I'm having a hard time figuring out how narrowing works in fd.BinaryExpression.

line 284 in fd.py:
-------------------------
        try:
            # iterate for all values
            for val1 in values1:
                kwargs[var1] = val1
                for val2 in values2:
                    kwargs[var2] = val2
                    if val1 in keep1 and val2 in keep2 and maybe_entailed == 0:
                        continue
                    if ffunc(**kwargs):
                        keep1[val1] = 1
                        keep2[val2] = 1
                    else:
                        maybe_entailed = 0

----------------------------

so if we have two value lists val1= [1,2,3,4] val2=[3,4,5,6]
and a function ffunc(a,b): return a != b

then scenario works as this:
1 != 3
1 != 4
1 != 5
1 != 6
2 != 3
2 != 4
2 != 5
2 != 6
3 == 3
3 != 4
4 != 3
keep1: {1: 1, 2: 1, 3: 1, 4: 1} keep2: {3: 1, 4: 1, 5: 1, 6: 1}

which is the same as the beginning. and will be the same next time for no value will be removed from 
the two domains. 

I'm stuck here while trying to reduce the time spent on looping the domain items (values1 * values2 times at most).
Instead of using nested loops, i'm trying to implement the following algorithm: 


	# val = (instructor, room, day, hour)

	d1 = defaultdict(list)
	d2 = defaultdict(list)

        # course duration in hours
        dur1 = variable1.duration 
        dur2 = variable2.duration 

        # trying to find out if any values clash on instructor and the same hours in the same day
       
        for val1 in values1:
            ins1, room1, day1, hour1 = val1
            # first grouping the values on instructor and day
            d1[(ins1, day1)].append(val1)

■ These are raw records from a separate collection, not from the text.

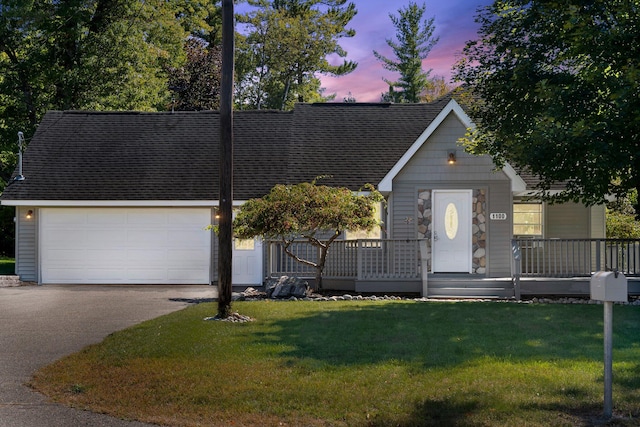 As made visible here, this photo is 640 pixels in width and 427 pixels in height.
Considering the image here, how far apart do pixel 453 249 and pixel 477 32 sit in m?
5.62

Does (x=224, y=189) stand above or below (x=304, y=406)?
above

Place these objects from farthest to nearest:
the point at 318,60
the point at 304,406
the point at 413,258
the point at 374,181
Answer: the point at 318,60 < the point at 374,181 < the point at 413,258 < the point at 304,406

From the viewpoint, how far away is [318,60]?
42.7 meters

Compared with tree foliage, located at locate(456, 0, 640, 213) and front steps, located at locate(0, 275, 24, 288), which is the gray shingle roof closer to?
front steps, located at locate(0, 275, 24, 288)

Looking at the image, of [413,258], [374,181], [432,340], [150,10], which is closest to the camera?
[432,340]

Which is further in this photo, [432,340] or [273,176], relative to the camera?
[273,176]

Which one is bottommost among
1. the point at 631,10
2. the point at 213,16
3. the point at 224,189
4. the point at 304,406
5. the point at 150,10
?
the point at 304,406

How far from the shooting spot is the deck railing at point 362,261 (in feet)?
58.4

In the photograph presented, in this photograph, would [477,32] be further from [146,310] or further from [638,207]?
[146,310]

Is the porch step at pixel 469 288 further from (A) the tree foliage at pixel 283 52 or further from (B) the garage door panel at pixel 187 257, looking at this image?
(A) the tree foliage at pixel 283 52

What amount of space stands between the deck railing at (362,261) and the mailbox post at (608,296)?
36.2ft

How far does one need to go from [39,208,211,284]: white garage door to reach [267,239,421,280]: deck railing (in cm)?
341

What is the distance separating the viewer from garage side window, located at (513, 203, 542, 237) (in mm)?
20094

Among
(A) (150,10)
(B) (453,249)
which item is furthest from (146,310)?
(A) (150,10) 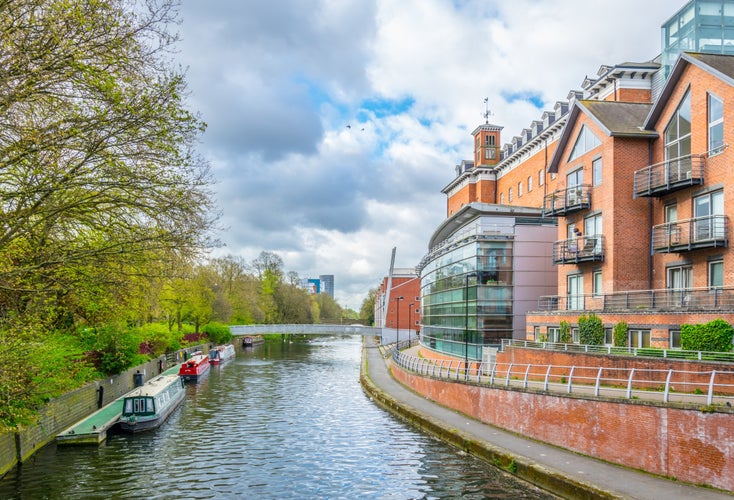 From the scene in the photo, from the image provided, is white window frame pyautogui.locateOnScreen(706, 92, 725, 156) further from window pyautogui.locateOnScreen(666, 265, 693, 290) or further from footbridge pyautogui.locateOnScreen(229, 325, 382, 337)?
footbridge pyautogui.locateOnScreen(229, 325, 382, 337)

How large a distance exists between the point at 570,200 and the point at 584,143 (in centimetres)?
302

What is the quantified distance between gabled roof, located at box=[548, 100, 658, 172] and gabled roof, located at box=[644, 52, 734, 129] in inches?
29.9

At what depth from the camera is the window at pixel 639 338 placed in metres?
22.7

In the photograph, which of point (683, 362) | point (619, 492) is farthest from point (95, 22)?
point (683, 362)

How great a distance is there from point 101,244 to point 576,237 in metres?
23.4

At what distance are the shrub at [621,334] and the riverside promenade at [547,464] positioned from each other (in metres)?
6.46

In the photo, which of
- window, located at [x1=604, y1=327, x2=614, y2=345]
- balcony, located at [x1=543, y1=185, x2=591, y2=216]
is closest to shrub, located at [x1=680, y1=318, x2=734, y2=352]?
window, located at [x1=604, y1=327, x2=614, y2=345]

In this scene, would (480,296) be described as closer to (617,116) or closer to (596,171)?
(596,171)

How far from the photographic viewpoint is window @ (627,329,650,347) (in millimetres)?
22688

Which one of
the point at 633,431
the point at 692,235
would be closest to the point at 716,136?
the point at 692,235

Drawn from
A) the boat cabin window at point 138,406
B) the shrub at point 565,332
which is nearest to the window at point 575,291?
the shrub at point 565,332

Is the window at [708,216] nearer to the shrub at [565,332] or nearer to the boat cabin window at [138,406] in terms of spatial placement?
the shrub at [565,332]

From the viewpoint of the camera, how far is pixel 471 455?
19.5 metres

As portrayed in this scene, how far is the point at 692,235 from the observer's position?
22.9 m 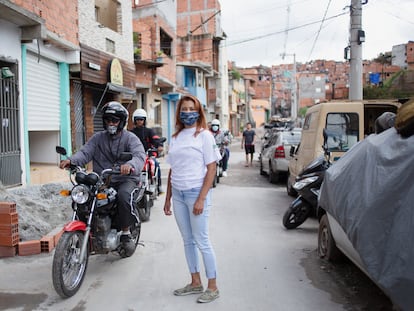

        for val2 in values2:
            ins2 , room2, day2, hour2 = val2
            key = (ins2, day2)

            # if values2 has possible clashing values, store them
            if key in d1:
                d2[key].append(val2)
            else:
                # in no way clashes occur with these values in values2
                keep2[val2] = 1

        for key in set(d1).difference(d2):
            for i in d1[key]:
                # in no way clashes occur for these values in values1
                keep1[i] = 1

        # checking for possible clashes
        # below here is implemented wrong. what i'm trying to do is to check if any clashes occur
        # this is where i'm stuck+confused looking at the BinaryExpression's code. if i do the same, there'll be no 
        # narrowing.

        for key in d1:
            vals1 = d1.get(key)
            vals2 = d2.get(key)

            for val1 in vals1:
                ins1, room1, day1, hour1 = val1
                for val2 in vals2:
                    ins2, room2, day2, hour2 = val2

                    if not set(xrange(hour1, hour1 + dur1)).intersection(set(xrange(hour2, hour2 + dur2))):
                        keep1[val1] = keep2[val2] = 1
                    else:
                        maybe_entailed = 0


        return maybe_entailed, keep1, keep2


so i'm a bit lost in how does it manage to narrow the domains, a little help would be very much 
appreciated :)

thanks


-- 
Ozgur <hinoglu at gmail.com>